From: Alex Williamson <alex.williamson@redhat.com>
To: Aaron Fabbri <aafabbri@cisco.com>
Cc: Alexey Kardashevskiy <aik@au1.ibm.com>,
kvm@vger.kernel.org, Paul Mackerras <pmac@au1.ibm.com>,
qemu-devel <qemu-devel@nongnu.org>, chrisw <chrisw@sous-sol.org>,
iommu <iommu@lists.linux-foundation.org>,
Avi Kivity <avi@redhat.com>,
"linux-pci@vger.kernel.org" <linux-pci@vger.kernel.org>,
linuxppc-dev <linuxppc-dev@lists.ozlabs.org>,
benve@cisco.com
Subject: Re: [Qemu-devel] kvm PCI assignment & VFIO ramblings
Date: Tue, 23 Aug 2011 12:01:14 -0600 [thread overview]
Message-ID: <1314122475.2859.76.camel@bling.home> (raw)
In-Reply-To: <CA79326A.FB97%aafabbri@cisco.com>
On Tue, 2011-08-23 at 10:33 -0700, Aaron Fabbri wrote:
>
>
> On 8/23/11 10:01 AM, "Alex Williamson" <alex.williamson@redhat.com> wrote:
>
> > On Tue, 2011-08-23 at 16:54 +1000, Benjamin Herrenschmidt wrote:
> >> On Mon, 2011-08-22 at 17:52 -0700, aafabbri wrote:
> >>
> >>> I'm not following you.
> >>>
> >>> You have to enforce group/iommu domain assignment whether you have the
> >>> existing uiommu API, or if you change it to your proposed
> >>> ioctl(inherit_iommu) API.
> >>>
> >>> The only change needed to VFIO here should be to make uiommu fd assignment
> >>> happen on the groups instead of on device fds.

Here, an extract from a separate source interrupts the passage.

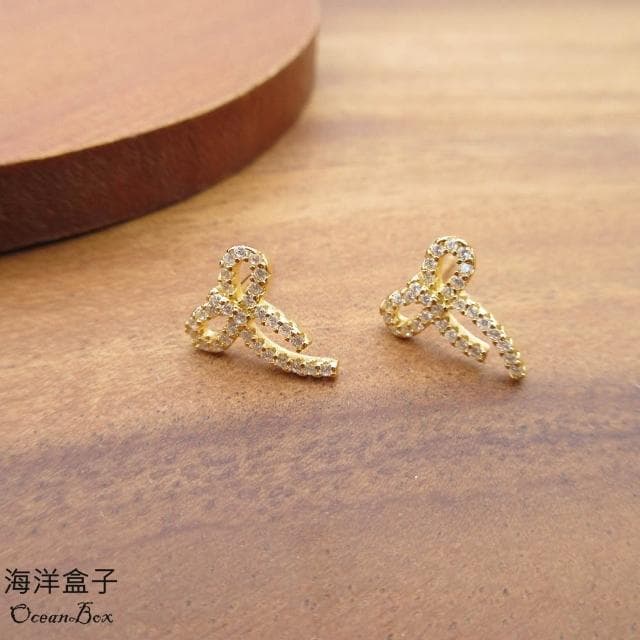 【海洋盒子】絕美滿鑽鋯石蝴蝶結緞帶針式925純銀金色耳環.鍍金貼耳耳環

That operation fails or
> >>> succeeds according to the group semantics (all-or-none assignment/same
> >>> uiommu).
> >>
> >> Ok, so I missed that part where you change uiommu to operate on group
> >> fd's rather than device fd's, my apologies if you actually wrote that
> >> down :-) It might be obvious ... bare with me I just flew back from the
> >> US and I am badly jet lagged ...
> >
> > I missed it too, the model I'm proposing entirely removes the uiommu
> > concept.
> >
> >> So I see what you mean, however...
> >>
> >>> I think the question is: do we force 1:1 iommu/group mapping, or do we allow
> >>> arbitrary mapping (satisfying group constraints) as we do today.
> >>>
> >>> I'm saying I'm an existing user who wants the arbitrary iommu/group mapping
> >>> ability and definitely think the uiommu approach is cleaner than the
> >>> ioctl(inherit_iommu) approach. We considered that approach before but it
> >>> seemed less clean so we went with the explicit uiommu context.
> >>
> >> Possibly, the question that interest me the most is what interface will
> >> KVM end up using. I'm also not terribly fan with the (perceived)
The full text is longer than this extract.